---------- Exercise data ----------

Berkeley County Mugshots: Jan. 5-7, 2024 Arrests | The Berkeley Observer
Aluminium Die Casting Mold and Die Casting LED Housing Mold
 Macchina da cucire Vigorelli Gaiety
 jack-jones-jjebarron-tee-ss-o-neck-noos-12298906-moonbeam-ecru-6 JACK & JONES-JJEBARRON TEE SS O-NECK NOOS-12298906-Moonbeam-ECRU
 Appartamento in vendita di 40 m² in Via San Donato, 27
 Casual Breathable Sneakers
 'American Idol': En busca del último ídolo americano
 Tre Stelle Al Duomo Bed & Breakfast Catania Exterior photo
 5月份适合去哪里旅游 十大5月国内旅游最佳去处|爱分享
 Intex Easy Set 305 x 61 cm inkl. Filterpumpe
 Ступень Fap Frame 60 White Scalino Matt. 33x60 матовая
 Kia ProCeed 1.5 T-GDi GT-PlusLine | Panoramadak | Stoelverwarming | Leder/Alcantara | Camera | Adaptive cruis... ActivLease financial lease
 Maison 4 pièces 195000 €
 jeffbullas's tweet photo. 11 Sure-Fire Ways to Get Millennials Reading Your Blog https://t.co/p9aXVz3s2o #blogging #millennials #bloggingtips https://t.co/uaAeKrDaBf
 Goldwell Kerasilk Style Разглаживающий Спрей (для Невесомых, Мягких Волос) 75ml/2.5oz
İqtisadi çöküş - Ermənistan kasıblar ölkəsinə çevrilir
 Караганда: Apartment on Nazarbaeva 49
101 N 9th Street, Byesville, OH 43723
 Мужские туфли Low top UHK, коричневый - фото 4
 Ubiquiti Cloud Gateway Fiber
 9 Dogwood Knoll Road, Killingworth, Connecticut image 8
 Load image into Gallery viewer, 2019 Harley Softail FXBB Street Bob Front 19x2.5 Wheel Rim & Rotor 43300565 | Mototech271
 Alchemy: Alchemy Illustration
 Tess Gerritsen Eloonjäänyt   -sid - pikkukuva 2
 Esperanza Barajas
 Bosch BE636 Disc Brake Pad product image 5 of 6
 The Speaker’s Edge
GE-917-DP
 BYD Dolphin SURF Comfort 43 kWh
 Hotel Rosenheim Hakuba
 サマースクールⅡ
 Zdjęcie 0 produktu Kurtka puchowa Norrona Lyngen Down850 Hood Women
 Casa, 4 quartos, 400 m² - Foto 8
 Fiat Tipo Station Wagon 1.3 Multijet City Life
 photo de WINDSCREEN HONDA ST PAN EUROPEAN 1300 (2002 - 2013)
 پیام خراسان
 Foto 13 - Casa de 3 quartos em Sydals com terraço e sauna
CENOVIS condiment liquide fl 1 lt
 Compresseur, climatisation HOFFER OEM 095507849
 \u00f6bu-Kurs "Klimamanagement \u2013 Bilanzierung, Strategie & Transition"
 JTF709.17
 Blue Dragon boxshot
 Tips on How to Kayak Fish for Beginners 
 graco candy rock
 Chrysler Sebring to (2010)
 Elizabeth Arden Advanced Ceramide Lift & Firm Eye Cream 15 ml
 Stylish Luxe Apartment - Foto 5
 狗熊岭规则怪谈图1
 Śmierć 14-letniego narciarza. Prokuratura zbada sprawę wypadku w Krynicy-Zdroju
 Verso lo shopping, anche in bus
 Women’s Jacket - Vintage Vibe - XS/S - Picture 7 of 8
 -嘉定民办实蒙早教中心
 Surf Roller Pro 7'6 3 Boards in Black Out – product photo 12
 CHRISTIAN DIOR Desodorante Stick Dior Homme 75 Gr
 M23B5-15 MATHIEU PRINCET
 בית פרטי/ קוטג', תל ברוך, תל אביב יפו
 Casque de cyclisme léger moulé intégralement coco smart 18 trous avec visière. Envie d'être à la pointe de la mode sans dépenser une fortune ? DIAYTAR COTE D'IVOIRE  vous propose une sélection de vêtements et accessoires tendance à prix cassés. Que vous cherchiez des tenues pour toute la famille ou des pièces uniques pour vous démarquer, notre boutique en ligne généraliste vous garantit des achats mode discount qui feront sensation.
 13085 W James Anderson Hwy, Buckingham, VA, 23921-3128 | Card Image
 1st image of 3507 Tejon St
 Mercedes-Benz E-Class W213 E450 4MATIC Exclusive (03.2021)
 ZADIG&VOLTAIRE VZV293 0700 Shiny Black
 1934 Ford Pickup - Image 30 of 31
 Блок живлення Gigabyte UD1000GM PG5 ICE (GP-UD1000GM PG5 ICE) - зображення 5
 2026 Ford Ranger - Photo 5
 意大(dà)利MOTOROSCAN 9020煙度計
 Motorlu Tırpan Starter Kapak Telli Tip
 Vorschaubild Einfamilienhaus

----------

> What needs to be done
Once the line with "BYD Dolphin SURF Comfort 43 kWh" is found in the records above, print exactly that line and every line after it through the line with "בית פרטי/ קוטג', תל ברוך, תל אביב יפו".

> Response
 BYD Dolphin SURF Comfort 43 kWh
 Hotel Rosenheim Hakuba
 サマースクールⅡ
 Zdjęcie 0 produktu Kurtka puchowa Norrona Lyngen Down850 Hood Women
 Casa, 4 quartos, 400 m² - Foto 8
 Fiat Tipo Station Wagon 1.3 Multijet City Life
 photo de WINDSCREEN HONDA ST PAN EUROPEAN 1300 (2002 - 2013)
 پیام خراسان
 Foto 13 - Casa de 3 quartos em Sydals com terraço e sauna
CENOVIS condiment liquide fl 1 lt
 Compresseur, climatisation HOFFER OEM 095507849
 \u00f6bu-Kurs "Klimamanagement \u2013 Bilanzierung, Strategie & Transition"
 JTF709.17
 Blue Dragon boxshot
 Tips on How to Kayak Fish for Beginners 
 graco candy rock
 Chrysler Sebring to (2010)
 Elizabeth Arden Advanced Ceramide Lift & Firm Eye Cream 15 ml
 Stylish Luxe Apartment - Foto 5
 狗熊岭规则怪谈图1
 Śmierć 14-letniego narciarza. Prokuratura zbada sprawę wypadku w Krynicy-Zdroju
 Verso lo shopping, anche in bus
 Women’s Jacket - Vintage Vibe - XS/S - Picture 7 of 8
 -嘉定民办实蒙早教中心
 Surf Roller Pro 7'6 3 Boards in Black Out – product photo 12
 CHRISTIAN DIOR Desodorante Stick Dior Homme 75 Gr
 M23B5-15 MATHIEU PRINCET
 בית פרטי/ קוטג', תל ברוך, תל אביב יפו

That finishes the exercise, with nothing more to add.